Scientists continue to study climate change – a warming planet caused by burning of  fossil fuels, but a professor at the University of Mary Washington has made another surprising discovery about extreme weather.

When trade winds blow across the Pacific Ocean, they push warm surface water east, causing cooler water from the deep to rise – bringing with it a rich supply of food for marine life, but during periods known as El Nino –  those winds shut down, causing a rise in surface temperatures – depriving wildlife of food and prompting changes in weather worldwide. 

“Even here in Virginia we might just have a wacky winter,”  says Pamela Grothe,  an assistant professor of earth and environmental sciences at the University of Mary Washington.

“Many places will get intense rainfall.  A lot of places go bone dry, and then they have problems with wildfires and crop failure.  Ocean temperatures heat up. Certain places it ends up shutting down the fisheries.”

Lately, she says El Nino events, which occur every 2-7 years, are more intense, but are these variations natural?  Have they occurred through history? Or could they be linked to the same industrial pollution that’s causing climate change?  Scientists have been tracking el ninos for less than a hundred years, but Grothe and her colleagues found a novel way to study patterns dating back thousands of years.
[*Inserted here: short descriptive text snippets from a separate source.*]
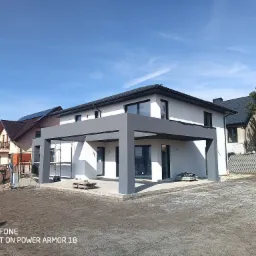 Nowoczesny dom jednorodzinny w Jaworznie z jasną elewacją i szarą pergolą w trakcie wykańczania, widoczne rusztowania i przygotowany teren.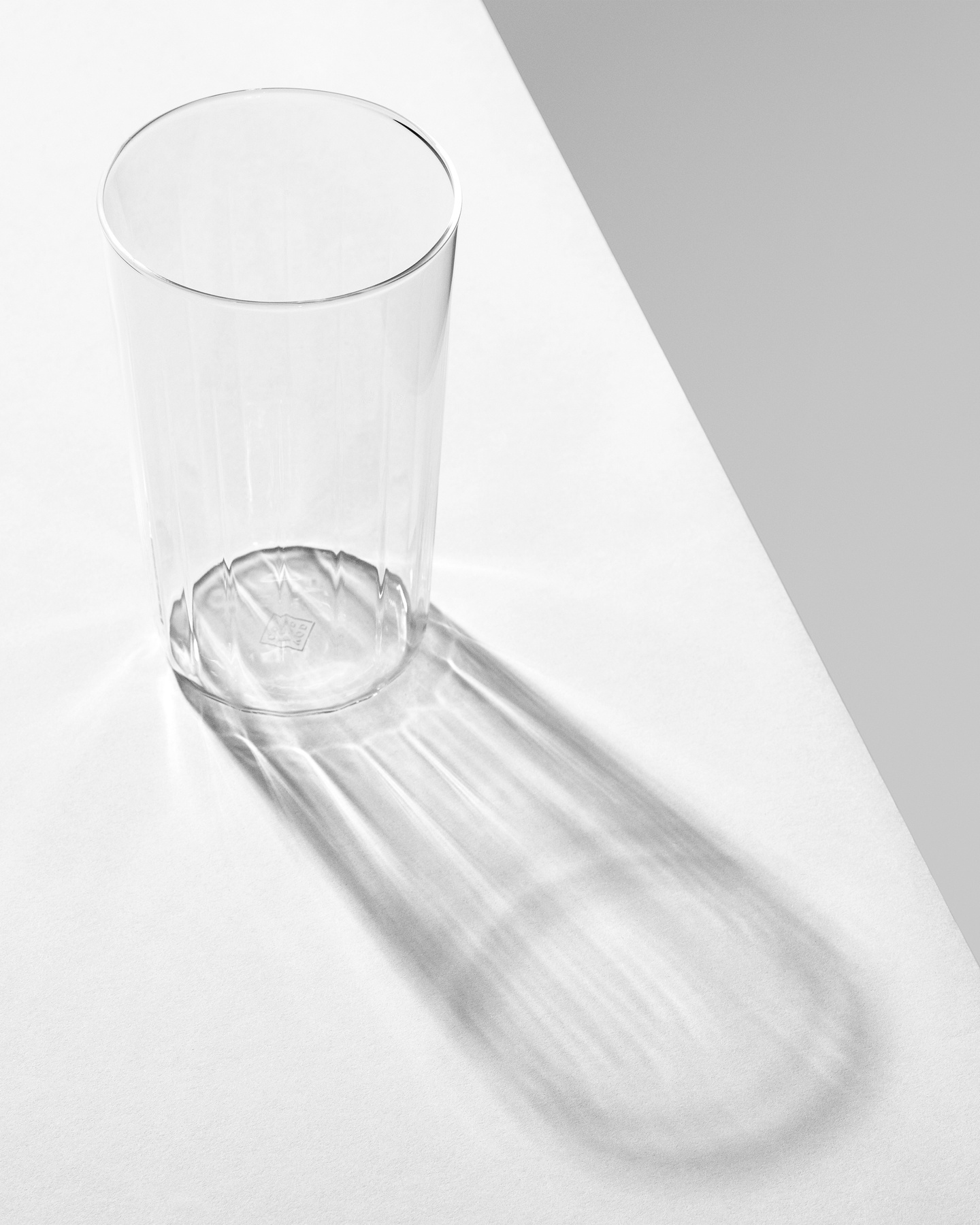 Tall clear glass tumbler casting shadow on a white surface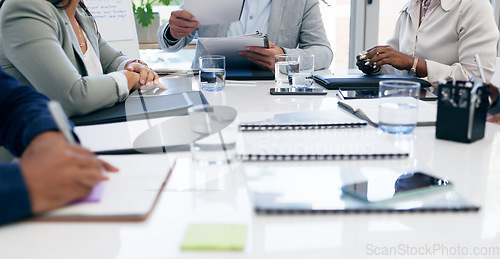 Image of Hands, documents and hands of business people in office meeting for financial, review or budget analysis. Corporate, collaboration and accounting team coworking on paper, data or research statistics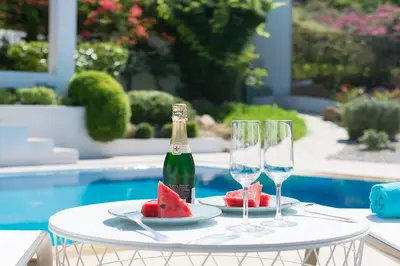 a table with a bottle of champagne and two glasses at Villa Sunshine very close to the beach in Líndos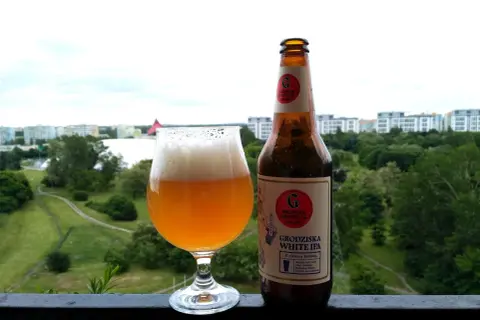Grodziska White IPA w szkle i butelce, z widokiem na zielone miasto. Idealne na letni wieczór.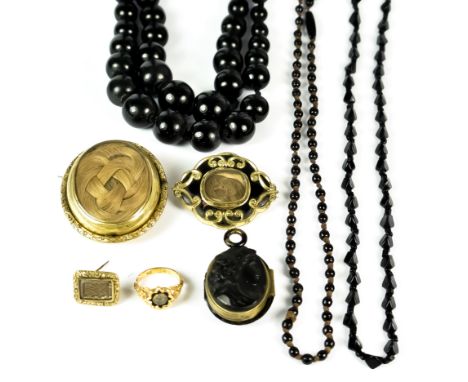 A Mixed Lot of Mourning Jewellery, comprising - a large double strand of jet beads, two smaller strands of jet beads, a carve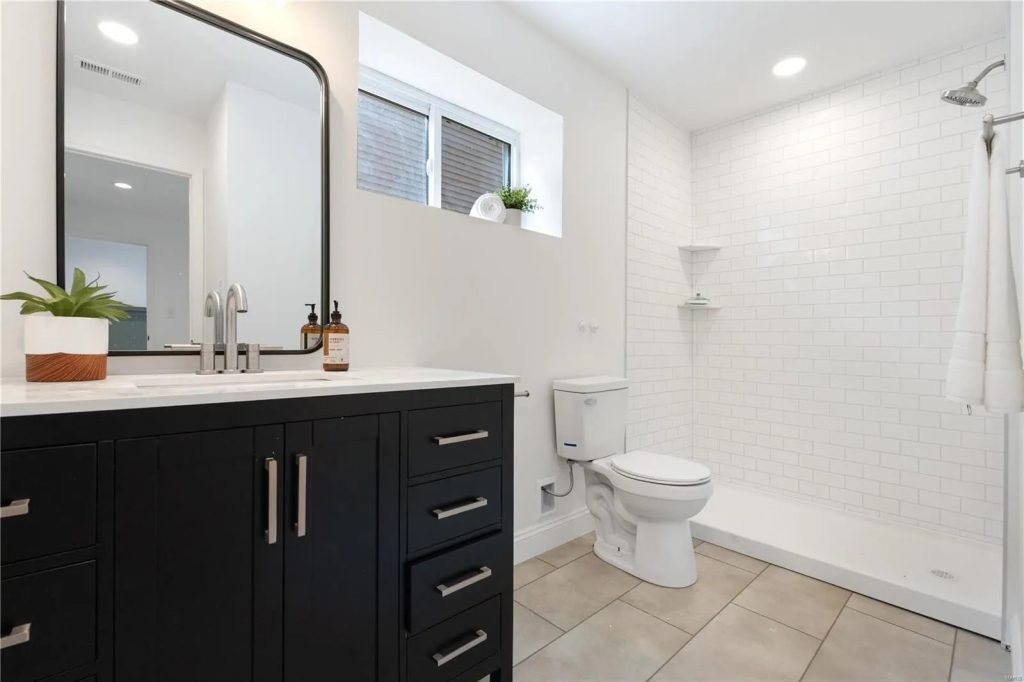 Bathroom with navy vanity and tiled shower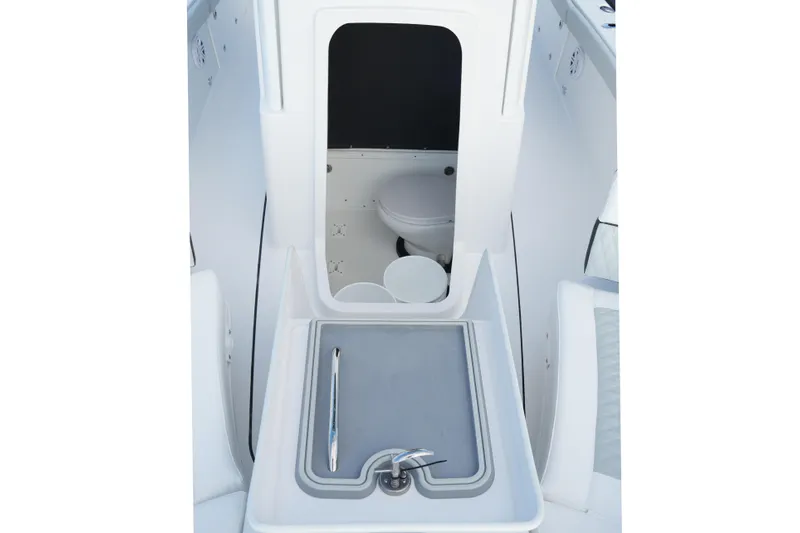 Your Next Boat! Yacht Photos Pics 2026 Blackfin 262 HB boat interior with sink and toilet compartment.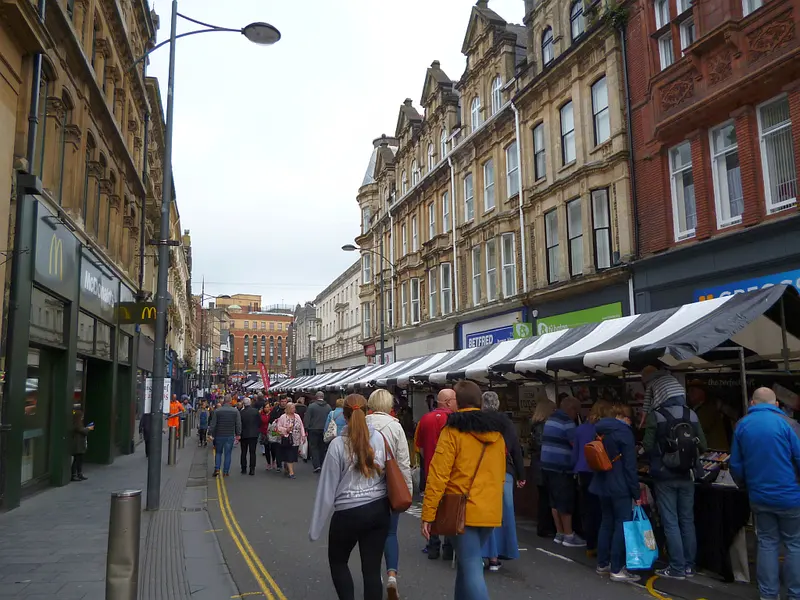 Shoppers walking between rows of canopied food stalls along a city-centre street lined with Victorian buildings
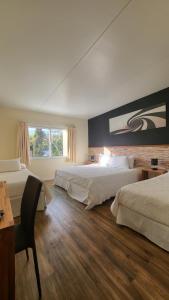 Cette chambre comprend deux lits, un bureau et une fenêtre. dans l'établissement Nova Posada, à Colonia del Sacramento
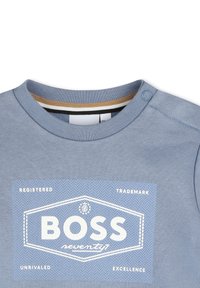 T-shirt in cotone azzurro con maniche corte e collo a coste. Presenta un logo e grafiche bianche stampate sul davanti.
“We went to the Lion Islands in the central tropical Pacific.  They get hit the hardest during every type of El Nino event," she explains.  "The water gets warmer, it heats up, and the rainfall happens, so the water actually gets fresher as well, and corals are almost perfect recorders of surface temperature through their geochemistry. "

By studying fossilized coral, Grothe determined that extreme el ninos correspond closely with the time when people began burning coal and oil.

“The industrial record really sticks out like a sore thumb," she says. "If you look at the last twenty years – at the intensity of these swings -- they are stronger than any 20-year period from the pre-industrial record.”

And in the last 50 years, she discovered, el ninos were  25% stronger than in pre-industrial times.